CFTC finalizes plan to boost oversight of fast traders: official
The U.S. Commodity Futures Trading Commission is preparing to reveal a laundry list of potential options to increase oversight of high-speed and automated trading, an agency official said on Friday.
The CFTC will likely approve the release of a report, which includes more than 100 questions about how high-frequency traders impact markets, next week, according to the official, who declined to be named because the report is not yet public.
The public will be able to respond to the questions and submit comments on the report, called a concept release.
The CFTC's Technology Advisory Committee is expected to discuss the report at a meeting on September 12.
Scott O'Malia, a CFTC member who chairs the committee, could not be reached for comment. Stevem Adamske, a CFTC spokesman, did not respond to a request for comment.
A favored tool of hedge funds and other institutional traders, high-frequency trading uses so-called algorithmic software programs to post orders in the blink of an eye.
The practice accounted for more than 60 percent of all futures volume in 2012 on U.S. exchanges such as CME Group Inc and IntercontinentalExchange Inc, according to New York industry researcher The Tabb Group.
However, a string of computer glitches have roiled markets recently and raised concerns about the reliability of electronic markets.

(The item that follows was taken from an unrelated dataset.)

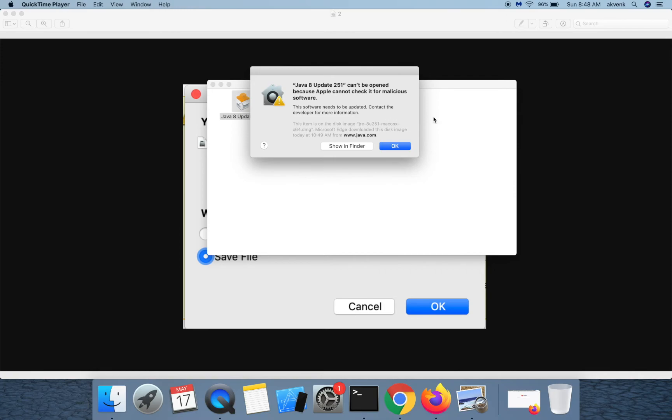Please follow the steps mentioned to fix this. I have attached the official documentation link in the notes — please refer to it.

The latest occurred on Thursday, when the trading of thousands of U.S. stocks ground to a halt after a technological problem shut down the Nasdaq for just over three hours.
An over-arching theme of the report is whether trading controls should be applied more uniformly to exchanges and firms to improve oversight of fast traders, the CFTC official said.
A system to "tag" high-frequency trading firms with electronic identifiers is among the options to toughen scrutiny, the official said. The tags could help regulators reconstruct disruptive market events in the future, he added.